Level 3 Apprenticeship/Work Based Diploma students from CAFRE have recently returned from a very successful study tour to Scotland where they were able to experience a range of production systems and farm situations.
Their first visit was to High Bishopton near Whithorn on the Solway coast to a specialist calf to heifer rearing unit, which served Kevin Forsyth’s three local dairy farms.
They also had the opportunity to view and learn about his anaerobic digester and rotary parlour. Near Thornhill the students were hosted by Andrew and Aileen Marchant, who run Clonhie farm for which they have secured a tenancy, it’s the second of nine new monitor farms being established in Scotland as part of a joint initiative by Quality Meat Scotland. As well as providing in wintering accommodation for young stock from other local farms, the farm has now 900 breeding ewes and 230 ewe lambs and the couple hope to reach their target of 1,200 ewes by 2020.
After overnight accommodation in Stirling the students visited the world-famous Perth Bull Sales at Stirling, with the main pedigree breeds on show being Charolais, Simmental and Salers.

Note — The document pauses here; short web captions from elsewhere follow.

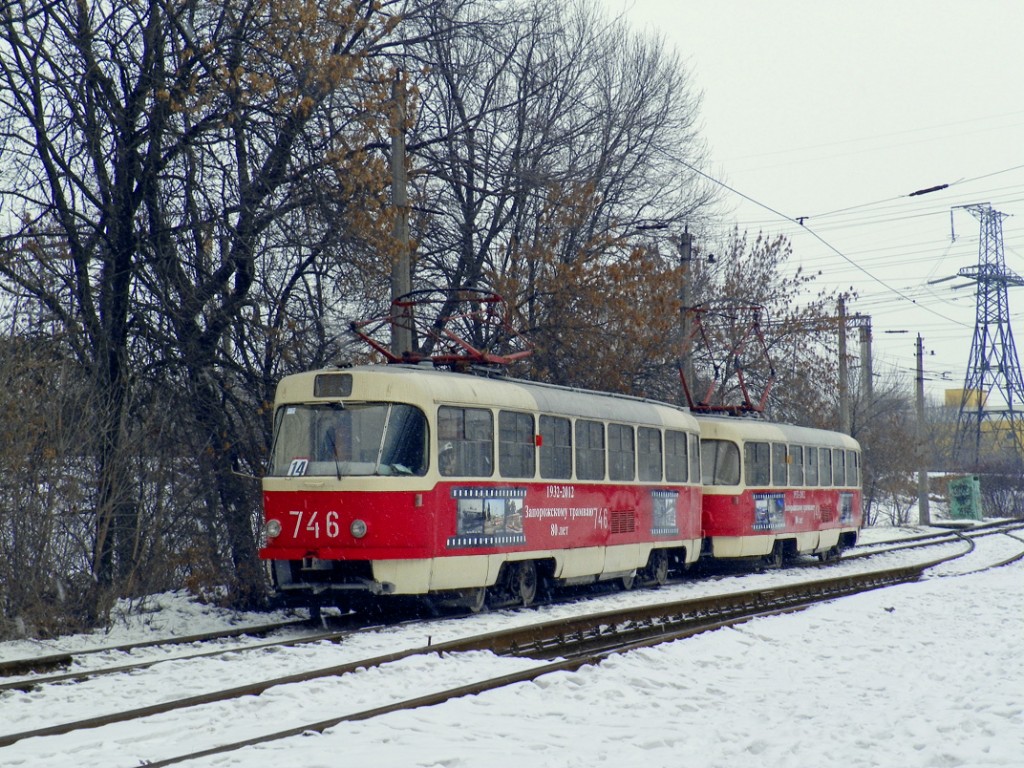 В Запорожье продлили два маршрута электротранспорта
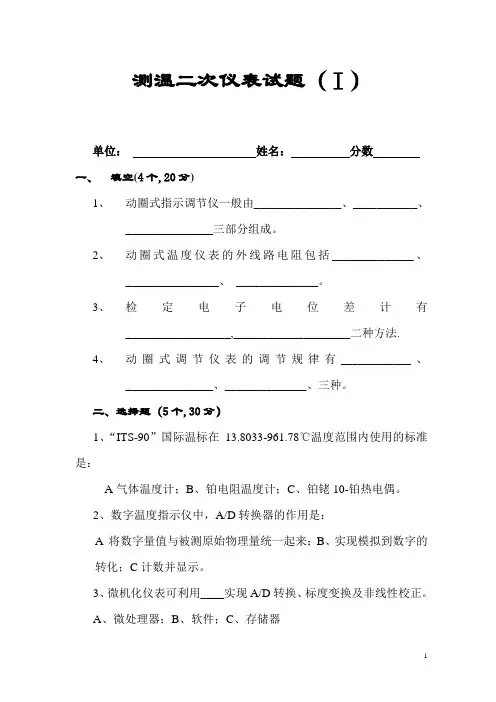 测温二次仪表试题Ⅰ及答案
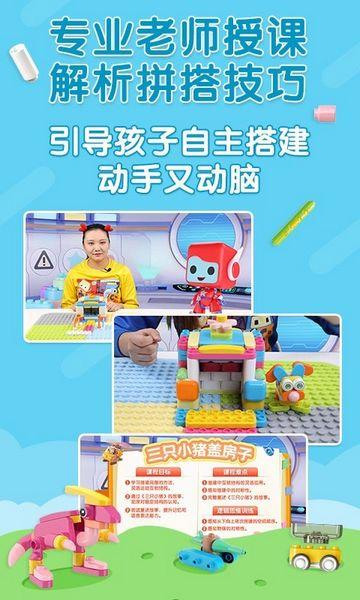 布鲁可积木课 安卓版v2.1.9 安卓版v2.1.9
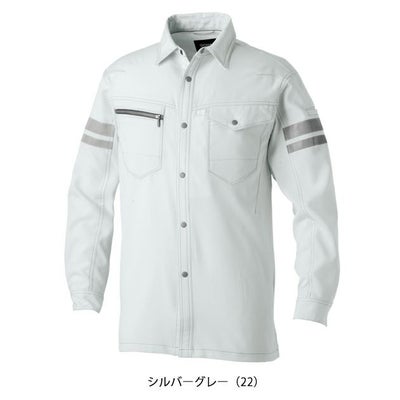 4L～5L SOWA 桑和 春夏作業服 作業着 長袖シャツ（反射材付き） 960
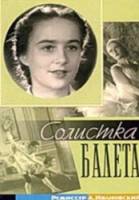 Солистка балета  1947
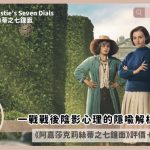 Agatha Christies Seven Dials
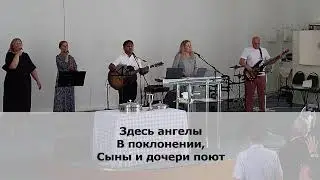 Богослужение 04/08/2024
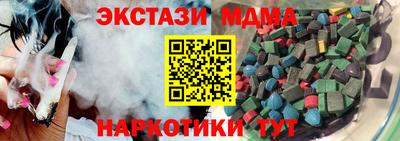 ешки Конаково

In the afternoon they travelled further East to Fife and visited Parkend farm run by the Weatherup family where they run 180 pedigree Holstein dairy cows. 25 years of refined breeding have brought them to the forefront of the Holstein cattle breeding in Scotland, where they have collected many accolades both at the Highland show and the Scottish Winter fair, and last year represented the Holstein breed in mainland Europe.

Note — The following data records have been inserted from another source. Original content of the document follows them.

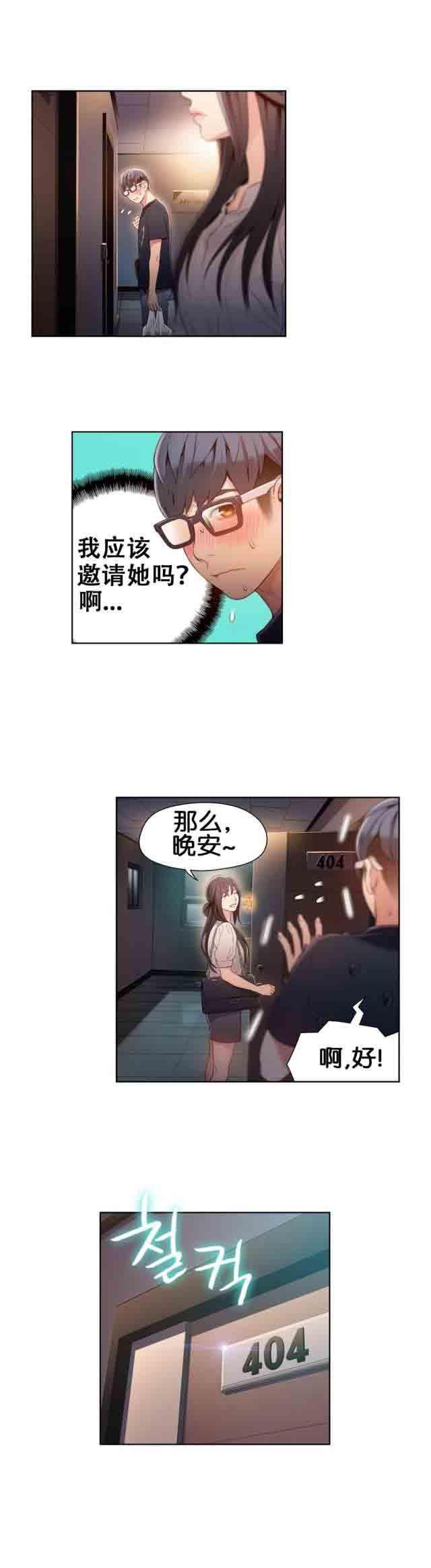埃罗漫画韩漫全集-第50话 女神再次邀请无删减无遮挡章节图片 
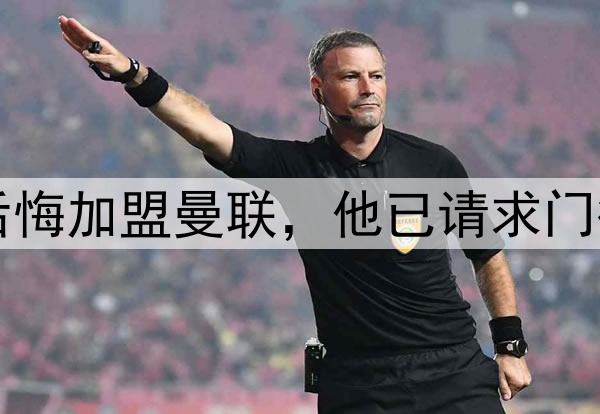 西媒:约罗非常后悔加盟曼联,他已请求门德斯让他转会皇马
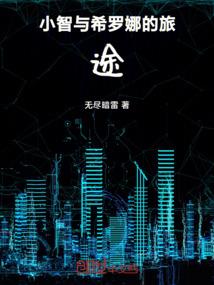 重生之仲夏夜微凉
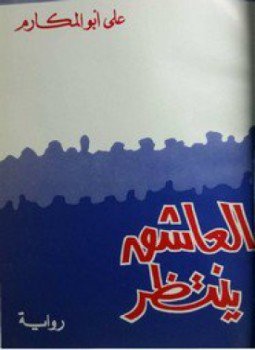 تحميل كتاب العاشق ينتظر PDF للمؤلف علي أبو المكارم مجانا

The tour ended with a visit to the Brown Family at Gaindykehead Farm in North Lanarkshire. The Browns have years of experience in feeding prime cattle where they finish almost 3,000 each year selling 40 cattle a week off predominantly grass or silage and potato based diets. The cattle are marketed not only locally but to both Glasgow and London. Gareth Finch, from Markethill, stated: “This was a great tour, with a lot of variety. It was interesting to see some of the theory that we have been taught in class in real life situations.”